Stainer spiega che la strategia è cambiata. Fino
a pochi anni fa, i medici cubani in tanti paesi erano presentati, nella
retorica di Washington e in quella di certa stampa collegata, come “agenti del
governo cubano”, anche come “spie” o “propagandisti del
comunismo”, quando si trattava di cooperazione in paesi i cui governi non erano
legati all’Avana; o, come strumenti
per sostenere “le basi di appoggio al governo”, quando era alleato di Cuba,
come nel caso del Venezuela. In entrambi i casi, l’account
diplomatico e mediatico ha aggiunto due messaggi: l’incapacità professionale di
questo personale cubano e l’accusa di aver “tolto il lavoro” al personale
indigeno. Successivamente, la Casa
Bianca ha cambiato il discorso e ha ritenuto più efficace presentare il
personale di assistenza medica come vittima della “tratta di esseri umani” o
del “lavoro schiavo”, una narrazione che si mantiene ancora oggi.
In ogni caso, l’obiettivo di questa strategia è quello di
cancellare o rendere impossibile qualsiasi accordo medico di Cuba all’estero,
sia annullandolo, sia rendendolo così difficile da renderlo impossibile
firmarlo e attuarlo. Per cosa?
Distruggere l’immagine della cooperazione cubana e porre fine alle entrate che,
in alcuni paesi, Cuba ottiene per il suo sistema sanitario pubblico interno.

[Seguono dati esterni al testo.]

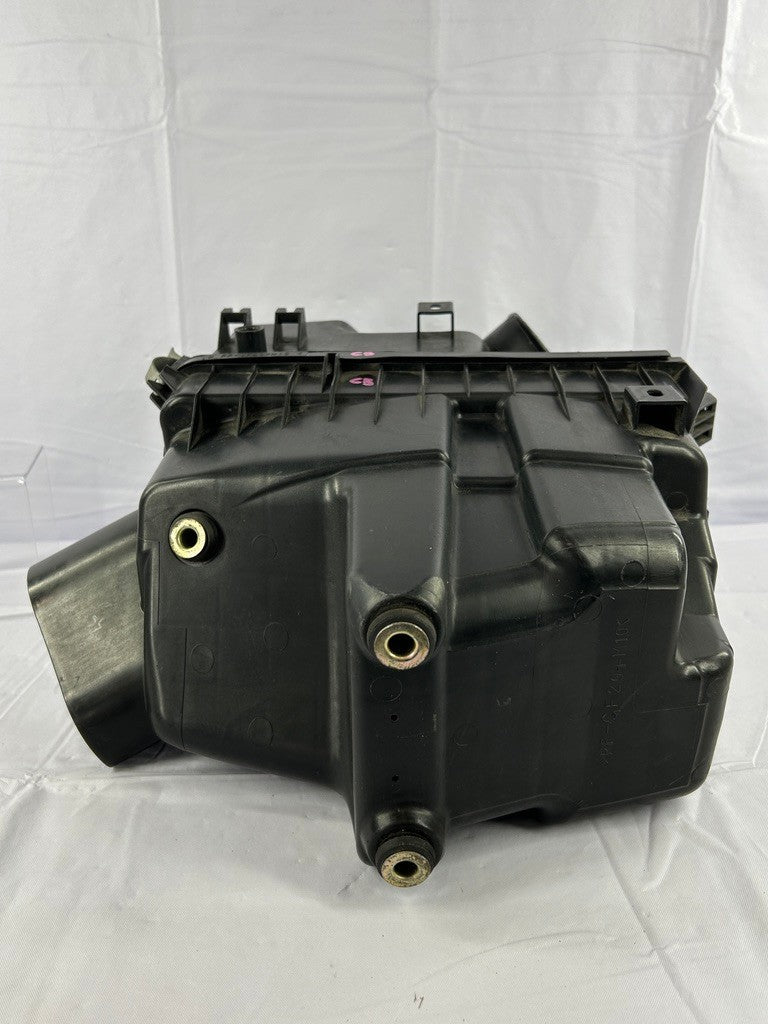 2000-2003 Toyota Sienna Air Intake Resonator Box 17700-0A170 OEM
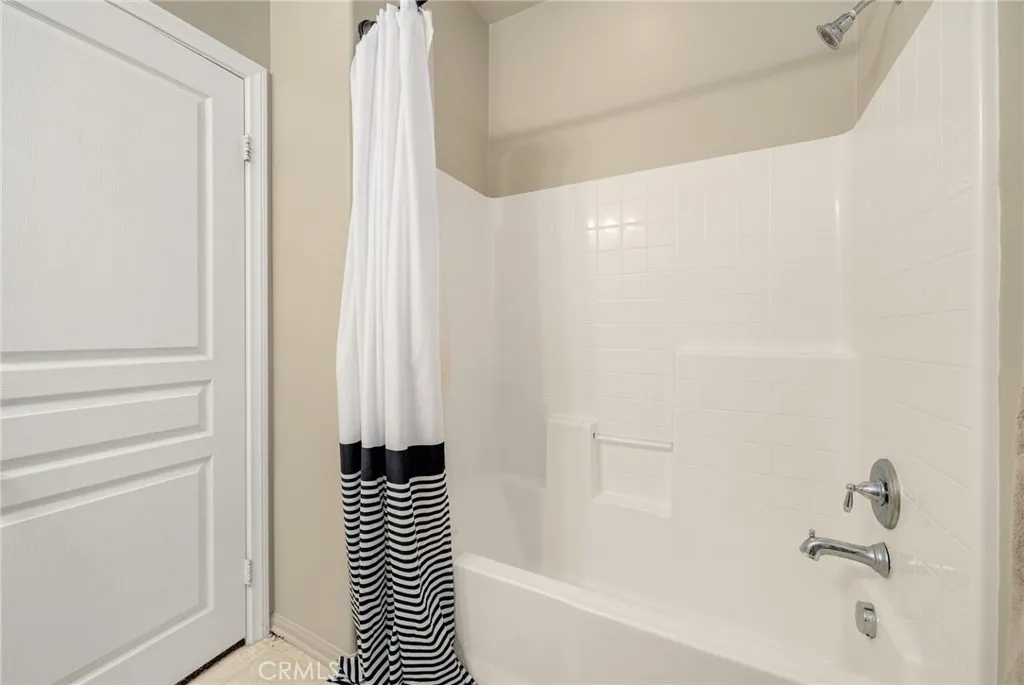 3137 E Chip Smith, Ontario, California 91762 home-pic-17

Per fare questo, il governo degli Stati Uniti utilizza vari
attori subordinati: i media (il caso del “Wall Street Journal” è uno dei più
significativi), le ONG come Prisoners Defenders, i membri del Congresso e i
sindacati medici, tra gli altri.
Per quanto riguarda i
Difensori dei Prigionieri, Omar Stainer indica che è la principale fonte del
Governo degli Stati Uniti nei suoi rapporti sul “traffico di esseri umani” a
Cuba, in un trattamento “circolare”, in cui il Governo e la suddetta ONG, che
risponde al cento per cento ai suoi interessi, si alimentano a vicenda con
storie, esempi e linguaggio.
Omar Stainer Rivera
Carbó (La Sierpe, Sancti Spíritus, 1984): Laureato in Psicologia
e master in Scienze della Comunicazione. Diplomato presso il Centro di
Formazione Letteraria Onelio Jorge Cardoso. Ha vinto premi e menzioni al
Concorso di Racconti Brevi dell’Editorial Capitán San Luis 2014 e 2015, così
come al Premio 26 de Julio, dove ha ottenuto una menzione di ricerca e un
premio nel genere biografico per il romanzo ancora inedito, su Félix Varela, Yo
no sé callar. È stato finalista al Premio Fantoches 2019 con il romanzo Yo maté
a Mella, dove vengono ricreati brani della vita di Julio Antonio Mella. Ha
pubblicato Un país bajo la lluvia, Editorial Oriente, 2019.